The downward trend remains intact in the long term, which began exactly one year ago, last summer. Therefore, after the current flat phase ends, we expect the euro to resume its decline. By the time this happens, the Federal Reserve may have already started lowering its rate. However, we are no longer confident that easing monetary policy in the U.S. will guarantee a decline in the U.S. dollar. We believe that the market has been pricing in its unrealized hopes for a rate cut since the beginning of the year. Likely, 2 or 3 rate cuts by the Fed have already been priced in. Therefore, we first expect a decline to the 1.0600 level, and then we will look at the technical picture and the fundamental backdrop. Even if both the ECB and the Fed lower rates simultaneously, it still does not favor the growth of the single currency.

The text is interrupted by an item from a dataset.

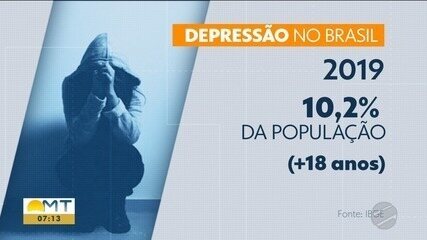 Observar os sinais de depressão e buscar ajuda podem salvar vidas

The average volatility of the EUR/USD currency pair over the past five trading days as of July 31 is 43 pips, which is considered low. We expect the pair to move between the levels of 1.0773 and 1.0859 on Wednesday. The higher linear regression channel is directed upwards, but the downward trend persists. The CCI indicator entered the overbought area, the first warning of a potential trend change.
The EUR/USD pair maintains a global downward trend; a downward movement continues in the 4-hour time frame. In previous reviews, we mentioned that we are only expecting the continuation of the global downward trend. We do not believe the euro can start a new global trend amid the ECB's monetary policy easing, so the pair will likely fluctuate between 1.0600 and 1.1000 for some time. Since the price is currently in the upper part of this range, short positions with targets around the Murray level "-1/8" - 1.0681 are more valid.
Linear Regression Channels: help determine the current trend. If both are directed in the same direction, it means the trend is strong.
Moving Average Line (settings 20,0, smoothed): determines the short-term trend and the direction in which trading should be conducted.
Murray Levels: target levels for movements and corrections.
Volatility Levels (red lines): the probable price channel in which the pair will spend the next 24 hours, based on current volatility indicators.
CCI Indicator: Entering the oversold area (below 250) or the overbought area (above +250) means a trend reversal is approaching.